Rzecznik zwrócił uwagę na pismo do Federalnego Związku Towarzystw Niemiecko-Polskich, w którym ambasador Andrzej Przyłębski bardzo krytycznie ocenił działalność RPO i zarzucił mu spowolnienie reformy sądownictwa oraz nieuprawnione angażowanie organów międzynarodowych ws. pozbawienia immunitetu sędzi Beaty Morawiec. Podobne tezy miały być formułowane w liście ambasadora, w którym odmawia wygłoszenia mowy powitalnej przy okazji wręczenia nagrody Dialogu Rzecznikowi Adamowi Bodnarowi.

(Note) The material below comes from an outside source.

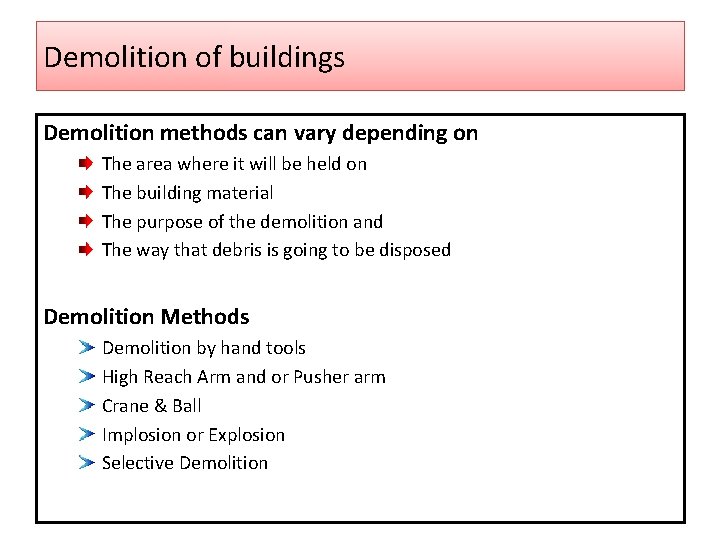 Demolition of buildings Demolition methods can vary depending on The area where it will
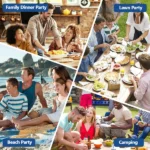 60" x 30" Foldable Boho Low Picnic Table, Solid Wood Beach Table with Adjustable Legs, Portable Indoor & Outdoor Floor Table for Picnic, Camping, BBQ, Wedding, Patio & Family Gatherings - Image 7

- (...) niezależnie od tego wypowiedzi Andrzeja Przyłębskiego przed rozprawą - mającą fundamentalne znaczenie dla możliwości sprawnego funkcjonowania konstytucyjnego organu, jakim jest Rzecznik Praw Obywatelskich - budzą uzasadnione wątpliwości co do możliwości zachowania bezstronności przez zasiadającą w składzie orzekającym małżonkę ambasadora – sędzię TK Julię Przyłębską - pisze RPO.
Czytaj także: Jacek Nizinkiewicz: Kandydat na RPO ponad podziałami
Rzecznik wskazał również na publiczne wypowiedzi sędzi ws. reformy wymiary sprawiedliwości, które "mogą wskazywać na zbieżność ocen z tymi wyrażonymi publicznie przez ambasadora Andrzeja Przyłębskiego".
Przypomnijmy, że kadencja rzecznika minęła we wrześniu 2020 r. Do chwili obecnej Sejm i Senat nie wybrali jeszcze następcy RPO. Dlatego Adam Bodnar nadal pełni tę funkcję. Posłowie koalicji rządzącej skierowali sprawę przed Trybunał Konstytucyjny skarżąc art. 3 ust. 6 ustawy o RPO, który stanowi: "Dotychczasowy Rzecznik pełni swoje obowiązki do czasu objęcia stanowiska przez nowego Rzecznika".